TOKYO (Reuters) - Bank of Japan board member Yutaka Harada warned on Wednesday that raising interest rates quickly would severely damage financial institutions, underscoring market views that the central bank would go slow in exiting crisis-mode stimulus.
However, Harada, a vocal advocate of bold monetary stimulus, noted the degree of easing could weaken before inflation reaches the BOJ’s 2 percent target. The central bank needed to examine both the costs and benefits of its easy-money policy, he said.
Harada noted that inflation maintained its momentum due to a tightening output gap, and could reach 2 percent if the jobless rate fell below 2 percent from the current 2.2 percent - a near 26-year low.
The BOJ estimates Japan’s output gap at a decade-high of plus 1.71 percent - meaning actual demand in the economy exceeded its maximum potential capacity by that much.
“If interest rates are actually hiked, that would lower bond and stock prices, hurt businesses through a rise in the yen, and increase credit costs, which would hit financial institutions hard,” Harada said in the text of a speech to business leaders in the western Japanese coastal city of Kanazawa.
Harada, a former academic, has voted with the majority of the BOJ’s board including its decision in 2016 to shift to targeting interest rates instead of the pace of money printing.
The central bank should continue its current easing policy, which is having its intended effects, in order to achieve its 2 percent inflation target, Harada said. Further easing would be needed if inflation pressure subsided, he added.
The BOJ is seen lagging well behind other central banks in unwinding crisis-mode stimulus, but investors expect no further easing because of concerns that its massive money printing is hurting the bond market and bank profits.
The central bank is likely to cut its price growth forecasts at a policy meeting ending on July 31 as long-term inflation expectations stall, sources told Reuters on Tuesday.
At that meeting, the central bank’s board will conduct a quarterly review of its long-term growth and price projections, and scrutinise why inflation remains stubbornly weak.
Annual core consumer inflation, which includes oil products but excludes volatile fresh food costs, held steady at 0.7 percent in May, well below the BOJ’s 2 percent target.
“To achieve the 2 percent price goal, the current jobless rate needs to fall further,” Harada said. “That doesn’t mean that we should continue monetary easing until the jobless rate hits 2 percent though.”

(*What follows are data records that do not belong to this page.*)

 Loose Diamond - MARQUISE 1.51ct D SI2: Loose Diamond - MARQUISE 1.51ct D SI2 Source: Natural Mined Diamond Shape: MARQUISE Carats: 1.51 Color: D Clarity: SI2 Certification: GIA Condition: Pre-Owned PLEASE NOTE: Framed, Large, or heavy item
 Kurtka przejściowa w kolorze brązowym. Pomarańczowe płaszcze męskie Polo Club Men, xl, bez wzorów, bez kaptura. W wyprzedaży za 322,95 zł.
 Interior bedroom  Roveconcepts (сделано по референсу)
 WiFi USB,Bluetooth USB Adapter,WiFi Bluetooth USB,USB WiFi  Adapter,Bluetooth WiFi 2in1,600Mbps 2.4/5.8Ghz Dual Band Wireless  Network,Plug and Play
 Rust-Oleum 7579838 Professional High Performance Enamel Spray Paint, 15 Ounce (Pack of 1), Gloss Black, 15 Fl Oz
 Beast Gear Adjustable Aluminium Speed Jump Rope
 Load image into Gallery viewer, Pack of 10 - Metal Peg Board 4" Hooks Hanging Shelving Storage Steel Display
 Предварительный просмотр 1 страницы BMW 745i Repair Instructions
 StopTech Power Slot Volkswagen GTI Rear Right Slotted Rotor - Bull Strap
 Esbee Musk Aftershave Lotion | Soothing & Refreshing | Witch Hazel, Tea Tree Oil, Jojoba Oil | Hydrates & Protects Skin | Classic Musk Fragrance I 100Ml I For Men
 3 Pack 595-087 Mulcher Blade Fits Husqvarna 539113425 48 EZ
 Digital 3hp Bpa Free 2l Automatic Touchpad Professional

Harada is considered as among those on the nine-member board who promote the positive effect that massive injections of money could have on the economy and inflation, rather than emphasising the demerits of prolonged easing such as the hit to banks’ margins.
Still, he has steered clear of calling for ramping up stimulus, distancing himself from the view of board member Goushi Kataoka who argues the BOJ should ease further to ensure its price goal is met quickly.